Obviously the product does not claim to “block” the electromagnetic waves, and by this very fact it cannot modulate the effect of the electromagnetic waves used in scanners.
What we do, and we demonstrate in our experiences in cells culture, is when we add active ingredients in the medium, we strongly limited the modifications of the parameters identified after exposure without active ingredients.
My opinion is that, to day, electromagnetic waves are in our environment, they are useful to our life. It is not our purpose to present them as diabolic, but our studies are serious enough to identify their role as an additive factor to the aging process (as is the sun exposure).
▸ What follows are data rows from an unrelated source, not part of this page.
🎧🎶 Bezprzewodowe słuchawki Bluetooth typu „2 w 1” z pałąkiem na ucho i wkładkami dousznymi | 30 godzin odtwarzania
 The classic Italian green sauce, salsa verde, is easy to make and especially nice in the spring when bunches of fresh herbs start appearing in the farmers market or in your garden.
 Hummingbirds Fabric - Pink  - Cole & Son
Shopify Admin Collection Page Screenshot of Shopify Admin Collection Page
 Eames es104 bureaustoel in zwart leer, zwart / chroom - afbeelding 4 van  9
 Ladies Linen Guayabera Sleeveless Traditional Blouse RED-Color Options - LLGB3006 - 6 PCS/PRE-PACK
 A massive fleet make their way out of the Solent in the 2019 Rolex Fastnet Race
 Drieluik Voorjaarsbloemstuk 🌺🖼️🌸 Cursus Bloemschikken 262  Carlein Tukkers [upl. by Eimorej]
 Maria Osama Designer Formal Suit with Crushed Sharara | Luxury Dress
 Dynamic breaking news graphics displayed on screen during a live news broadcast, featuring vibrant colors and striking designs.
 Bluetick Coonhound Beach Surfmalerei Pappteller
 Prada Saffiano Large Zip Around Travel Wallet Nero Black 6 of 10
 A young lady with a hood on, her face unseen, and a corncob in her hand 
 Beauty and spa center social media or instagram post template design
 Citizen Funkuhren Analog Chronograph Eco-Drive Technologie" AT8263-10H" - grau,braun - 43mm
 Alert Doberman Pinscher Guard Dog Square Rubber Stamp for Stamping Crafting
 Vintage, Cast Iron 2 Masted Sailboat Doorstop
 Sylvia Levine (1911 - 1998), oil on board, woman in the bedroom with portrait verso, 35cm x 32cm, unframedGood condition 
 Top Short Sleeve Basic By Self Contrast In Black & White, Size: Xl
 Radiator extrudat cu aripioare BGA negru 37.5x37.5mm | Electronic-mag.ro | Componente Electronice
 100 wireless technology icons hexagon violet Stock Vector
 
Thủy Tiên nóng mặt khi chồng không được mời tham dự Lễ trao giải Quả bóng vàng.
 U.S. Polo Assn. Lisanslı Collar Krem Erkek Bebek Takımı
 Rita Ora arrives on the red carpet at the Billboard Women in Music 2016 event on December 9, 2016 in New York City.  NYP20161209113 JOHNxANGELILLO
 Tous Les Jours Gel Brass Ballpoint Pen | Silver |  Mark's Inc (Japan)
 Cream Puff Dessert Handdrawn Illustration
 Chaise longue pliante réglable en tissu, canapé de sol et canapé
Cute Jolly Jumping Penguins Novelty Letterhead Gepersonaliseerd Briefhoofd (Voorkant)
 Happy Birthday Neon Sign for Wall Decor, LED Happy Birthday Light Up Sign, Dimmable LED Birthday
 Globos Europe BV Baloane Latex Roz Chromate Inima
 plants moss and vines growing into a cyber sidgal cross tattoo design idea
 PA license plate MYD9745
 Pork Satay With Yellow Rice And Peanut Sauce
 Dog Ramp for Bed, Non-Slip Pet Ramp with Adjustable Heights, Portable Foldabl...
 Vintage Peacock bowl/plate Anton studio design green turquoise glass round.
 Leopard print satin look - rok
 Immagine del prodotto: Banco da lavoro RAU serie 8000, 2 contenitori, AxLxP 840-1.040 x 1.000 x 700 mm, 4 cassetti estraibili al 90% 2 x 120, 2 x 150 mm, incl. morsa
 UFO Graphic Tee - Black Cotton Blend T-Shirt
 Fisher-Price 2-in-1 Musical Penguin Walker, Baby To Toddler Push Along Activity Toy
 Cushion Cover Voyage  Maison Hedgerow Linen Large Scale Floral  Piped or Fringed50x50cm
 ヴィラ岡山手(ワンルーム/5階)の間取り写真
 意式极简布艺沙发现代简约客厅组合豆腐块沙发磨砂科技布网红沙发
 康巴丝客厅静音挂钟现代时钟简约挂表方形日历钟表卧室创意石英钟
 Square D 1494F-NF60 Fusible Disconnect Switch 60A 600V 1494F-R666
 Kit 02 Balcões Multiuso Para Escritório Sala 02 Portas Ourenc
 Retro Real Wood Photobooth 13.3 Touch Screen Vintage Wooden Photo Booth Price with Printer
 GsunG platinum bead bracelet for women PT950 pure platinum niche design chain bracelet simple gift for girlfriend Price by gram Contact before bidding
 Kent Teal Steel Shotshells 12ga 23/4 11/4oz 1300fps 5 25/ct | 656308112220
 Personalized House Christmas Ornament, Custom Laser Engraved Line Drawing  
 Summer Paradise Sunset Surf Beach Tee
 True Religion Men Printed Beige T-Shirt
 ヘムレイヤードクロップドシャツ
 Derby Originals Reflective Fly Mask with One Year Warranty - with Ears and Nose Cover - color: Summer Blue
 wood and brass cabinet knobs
By the way the possibility to reinforce the cells in front of this aggression seems something rather positive.

I hope that these information will answer your questions and stay at your disposal.
Best regards.


Lionel DE BENETTI​
GROUPE CLARINS​
I'm convinced! LOL! :tongue:
 

Globalti

Legendary Member
Bogus science, eh? Everybody does it, even climate scientists.

When customers' technical staff ask us for supporting data so as to cover their arses when a decision has to be made, it is only too easy to conduct a quick panel then arrange the results to give them what they need.